WHAT YOU WILL DO: Could you restate the data word for word and drop the pictures?

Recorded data
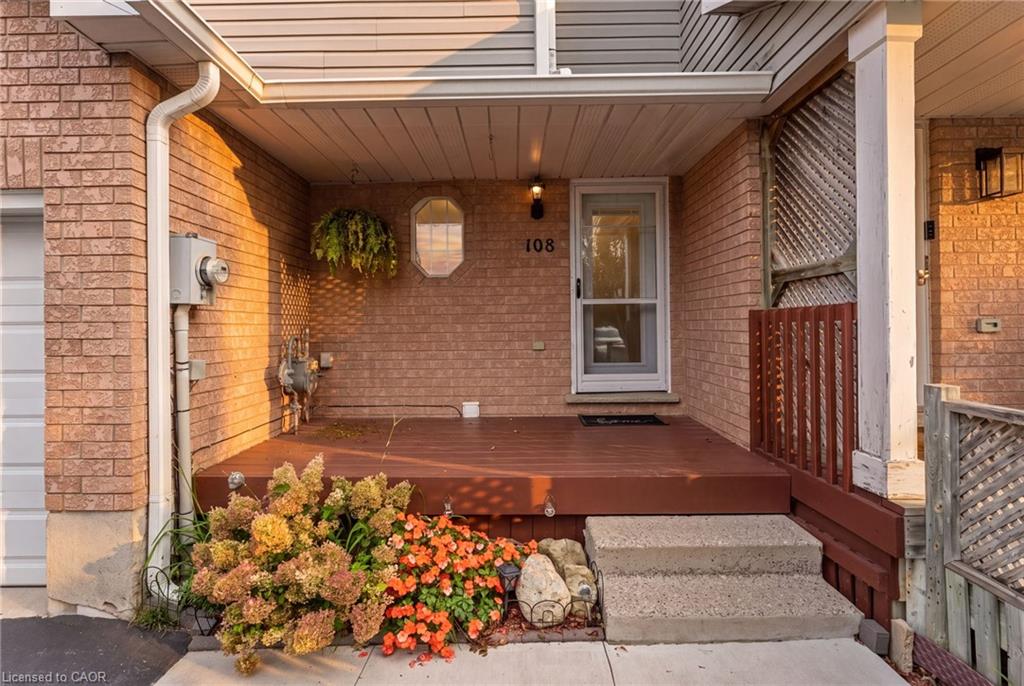 108 Tait Crescent Property Photo 2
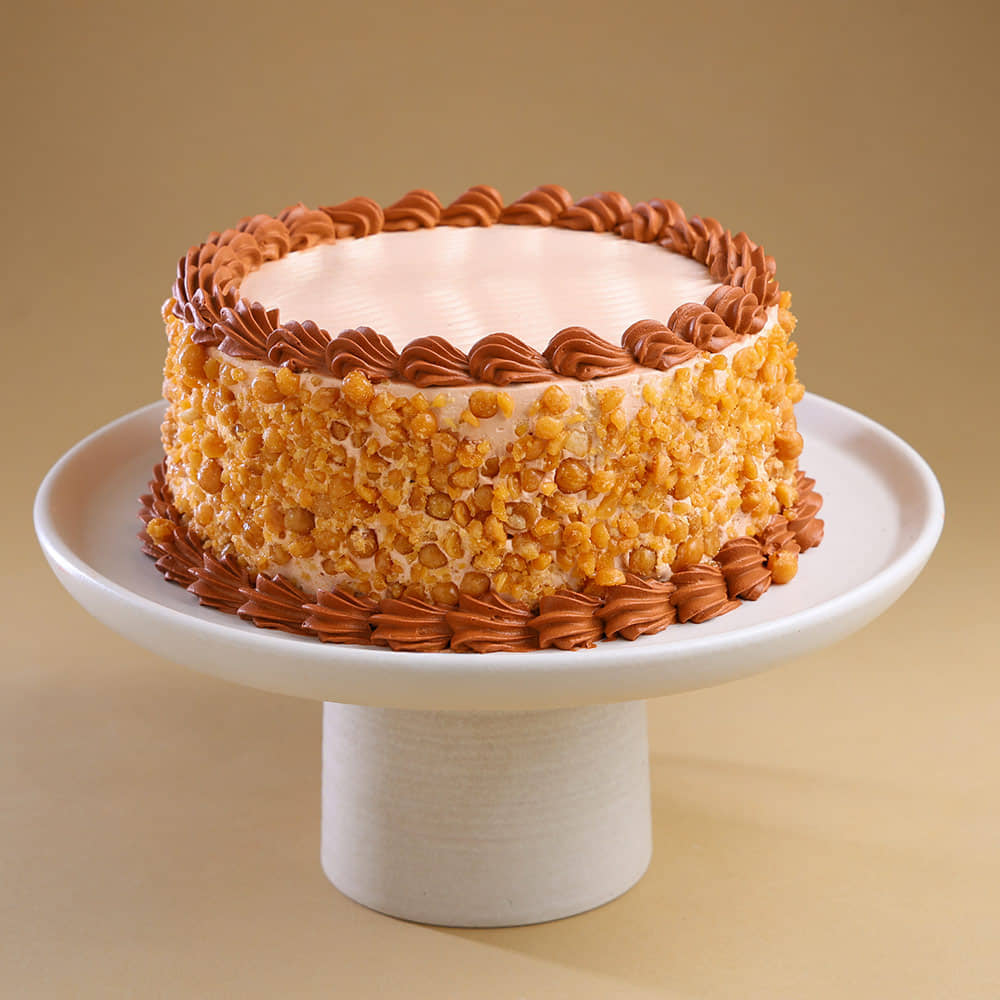 Front View: Crunchy Butterscotch Creamy Cake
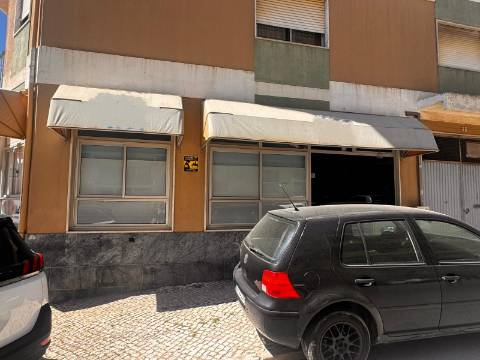 Loja, Bairro Dias ,Setubal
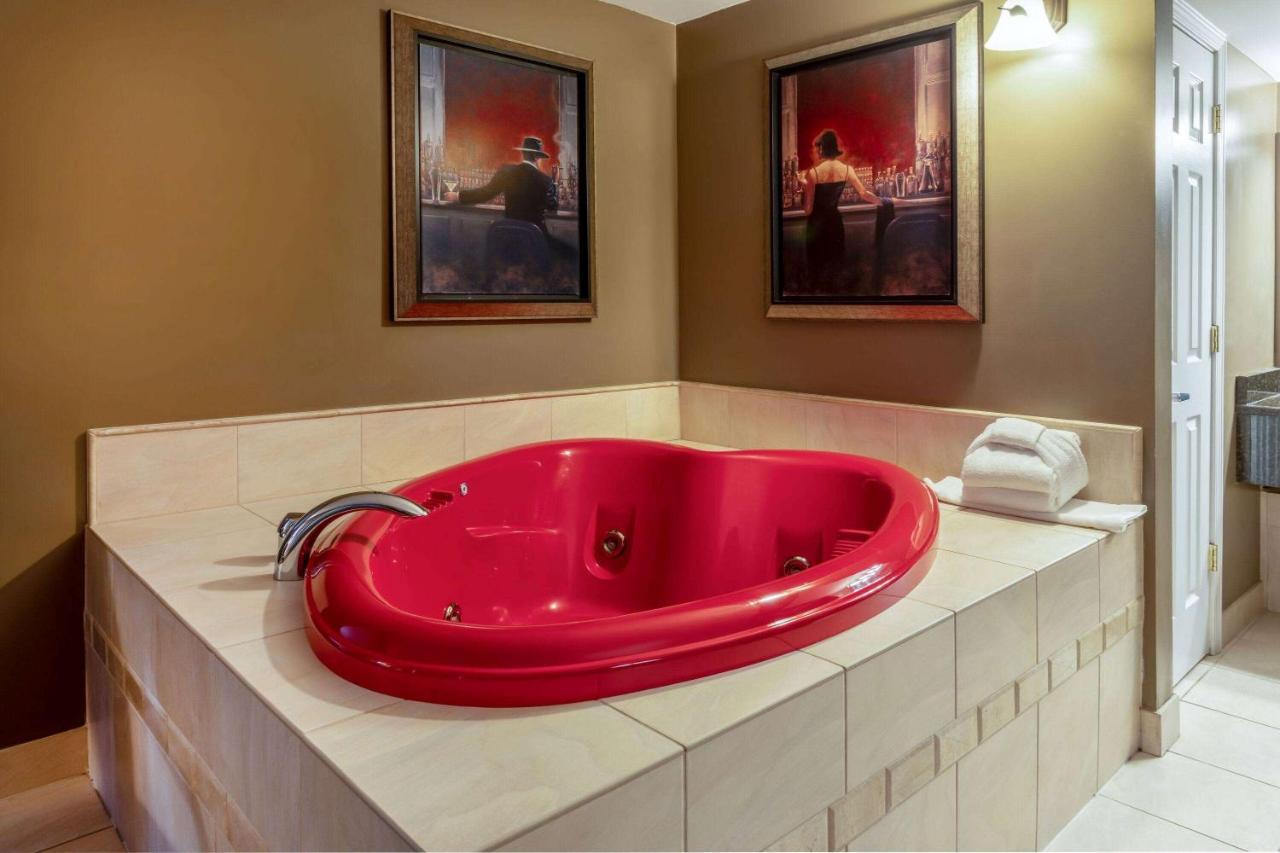 Days Inn By Wyndham Birch Run Bagian luar foto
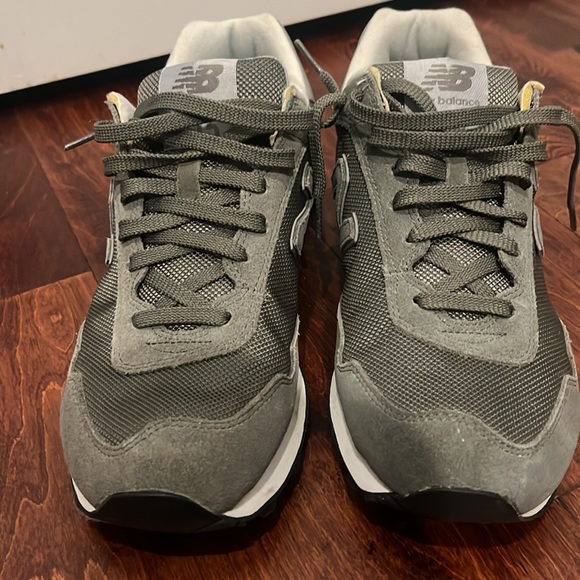 New balance sneakers 515 size 9  Good condition - Picture 4 of 5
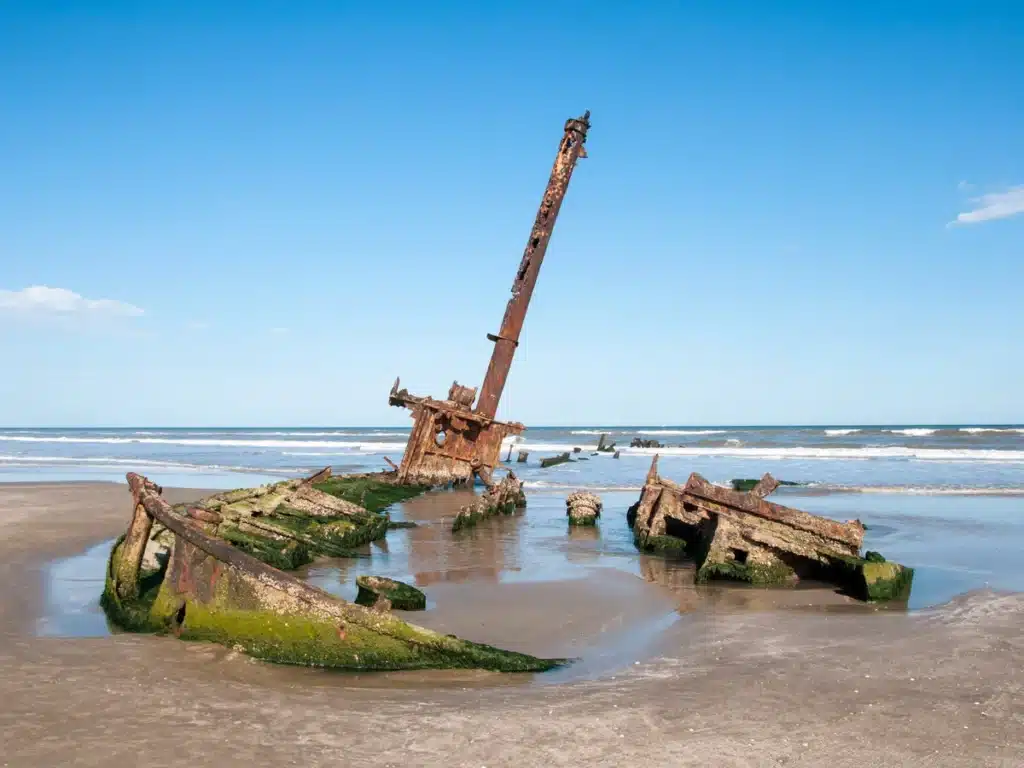 La playa más larga del mundo: 230 kilómetros de arena, un barco naufragado y la ultramaratón más extrema image playa cassino 103 1
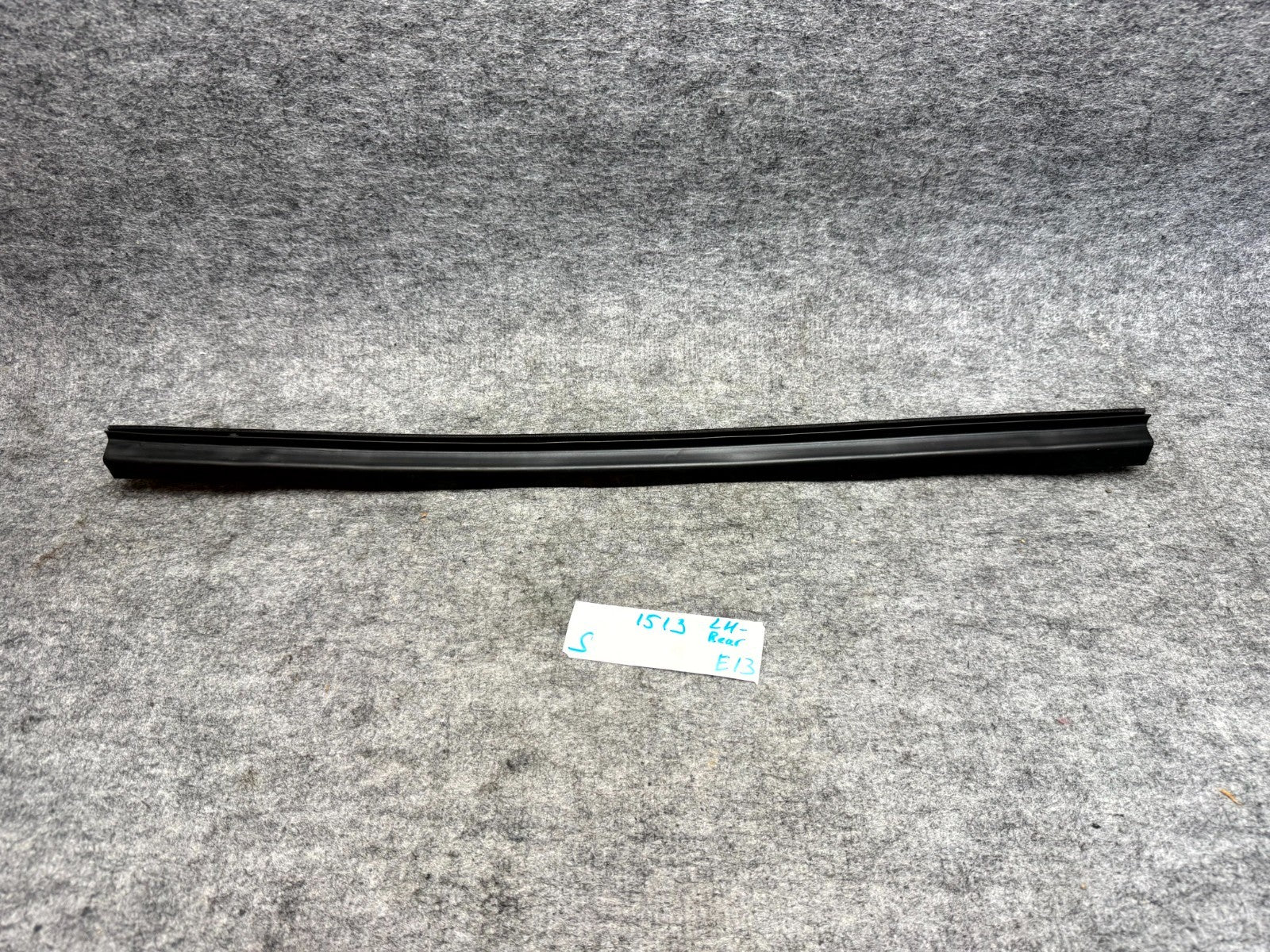 ♦️12-20 TESLA MODEL S REAR LEFT DOOR WINDOW WEATHERSTRIP SEAL OEM, 1038407-00-A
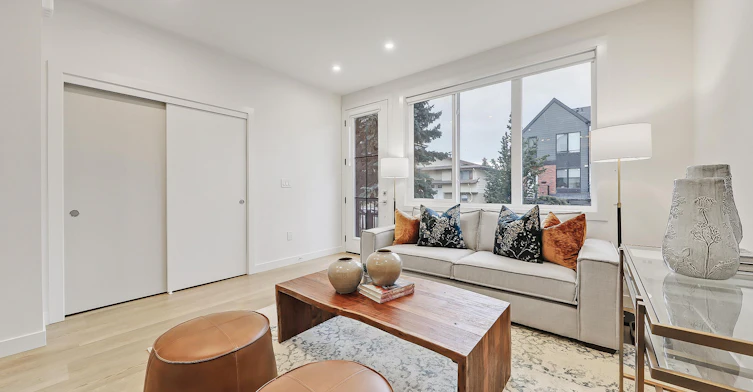 930 38 Street Southwest, Calgary, AB, T3C 1T3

REPLY:
 108 Tait Crescent Property Photo 2
 Front View: Crunchy Butterscotch Creamy Cake
 Loja, Bairro Dias ,Setubal
 Days Inn By Wyndham Birch Run Bagian luar foto
 New balance sneakers 515 size 9  Good condition - Picture 4 of 5
 La playa más larga del mundo: 230 kilómetros de arena, un barco naufragado y la ultramaratón más extrema image playa cassino 103 1
 ♦️12-20 TESLA MODEL S REAR LEFT DOOR WINDOW WEATHERSTRIP SEAL OEM, 1038407-00-A
 930 38 Street Southwest, Calgary, AB, T3C 1T3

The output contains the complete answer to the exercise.